Toby running ahead of him was a solidly bright light from the top of his head to the soles of his feet. Grant felt like he could almost reach out and dabble through Toby’s aura like mixing finger paints. Sunshine yellow was the predominant shade, with a more silvery cast flaring around his head like an aurora. Flyboy’s could almost be as bright, especially when he was focussed on saving people.
Like now.
Toby ran before him and there was a warm hand on his back pushing him forward as they dodged through the traffic across the street. A car horn beeped. Grant flinched away as the knife-like sound cut at him. A screech of brakes ahead. A yell behind. Grant clapped his hands over his ears.
“No. No. No.”
The hand on his back shifted and he was lost. There was a dull, fleshy sounding thump.
Grant ducked low and bolted between moving cars and honking buses, trying to find the darkest corner in the world.
“Squirrel!”
~*~
Flyboy’s baby brother -- Toby Logan, Paramedic -- crouched before him. “You back with me?”
Grant shifted further into the space between the dumpster and wall. It was tight but it wasn’t dark enough.
“It was noisy, wasn’t it,” Toby said. “And, wow, you can run fast, like a rabbit.”
“Squirrel,” Grant corrected.
Toby smiled and then snorted out a laugh. “It’s so weird. You’re thinking a mind storm. I can’t get any sense of you.” He held out his hand. “Come on, Squirrel.”
Slowly, Grant curled his fingers around Toby’s narrower span. He shuffled his way out of the little nook.
The walls curved above his head like a practical in Einstein’s physics. If he threw a ball against a wall, would the world’s spinning slow down? Grant hunched down away from their looming height.
“Hey?” Toby stooped down, head cocked to the side, trying to check his eyes.
Grant avoided him, peering up at the blue sky peeking out between the sentinel-like buildings. The warm fingers curled around his hand inched up and over his wrist.
“Grant, can you tell me where we are?”
The question was surprising. “Earth. North America. Canada. Toronto. Don’t you know?” Grant freed himself from Toby’s grip.
“Yes,” Toby said slowly, “I know.”
“Good. That’s good.”
“Okay.

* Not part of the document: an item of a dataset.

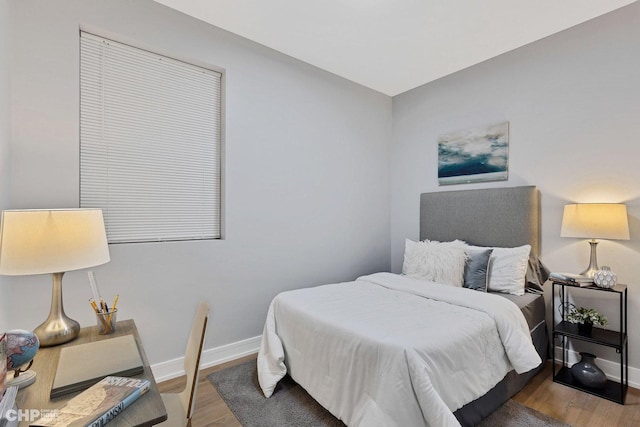 bedroom with hardwood / wood-style floors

We should try to get back to your friend, John.”
Grant shook his head. “No. It’s dangerous. The people. The Trust. The NID. The factions in the Government we don’t know about. That’s the United States, though. We’re in Canada, so maybe we’re okay? Perhaps we should find a Mountie, hmmm?”
“We could call John? Call him on your phone?”
Grant patted his chest, ensuring that his tricorder was safely secure in the breast pocket of his new coat.
“It’s not a phone. It’s my tricorder.”
Grant could see Baby Flyboy’s eyebrows rise out of the corner of his eye.
“Do you know his number?” Toby said as a tiny smile frittered on his lips.
“Yes.” Grant knew lots of numbers. He knew Flyboy’s identification tag, social security number, blood group… but he had never called Flyboy on a telephone. “We will have to call Rodney.”
“Who’s Rodney?”
“My cousin.” Shuffling a step away from Baby Flyboy, Grant curled his shoulder protectively as he retrieved his tricorder from his pocket.
“I thought that wasn’t a cell phone?”
“It’s not.” Grant double tapped the long side of the palm-sized rectangle and it unfolded like pages of a book. The right hand screen shimmered as it mapped out the wireless-enabled, easy to hack computers in the immediate vicinity. Grant tutted under his breath as he found a computer with only a firewall as security. He didn’t want a computer; he wanted the next level, the network flowing around them…
“Where the FUCK are you!” Rodney screamed -- his voice tinny over the network.
Grant was kind of disappointed that Rodney hadn’t enabled the holographic emitter, so there was no tiny, little Rodney -- al la Princess Leia -- balanced on the matrix screen berating him.
Grant enabled the GPS and overlaid a map of --
“Right, I know where you are!” Rodney was two steps ahead of him. “Why didn’t Carson chip Grant? That is a MASSIVE oversight. Grant, you’re going to be chipped. Stay where you are. I’m coming for you.”
“Whoa,” Toby said from behind Grant.
“Who’s that?” Rodney demanded.
“Baby Flyboy,” Grant said seriously. He held his tricorder over his shoulder, pointing it at Toby.
“What?”
Grant obediently enabled the zoom function and selected Baby Flyboy’s face.
“Who are you?” Rodney demanded. “Name. Now.” His fingers clicked.
“Toby. Toby Logan.”
“Date of birth?” Rodney ordered.
“Who are you?”
“Dr. Rodney McKay and you’re with my cousin. So tell me who you are and what’s your situation. Forget it. Daedalus, this is Rodney McKay--”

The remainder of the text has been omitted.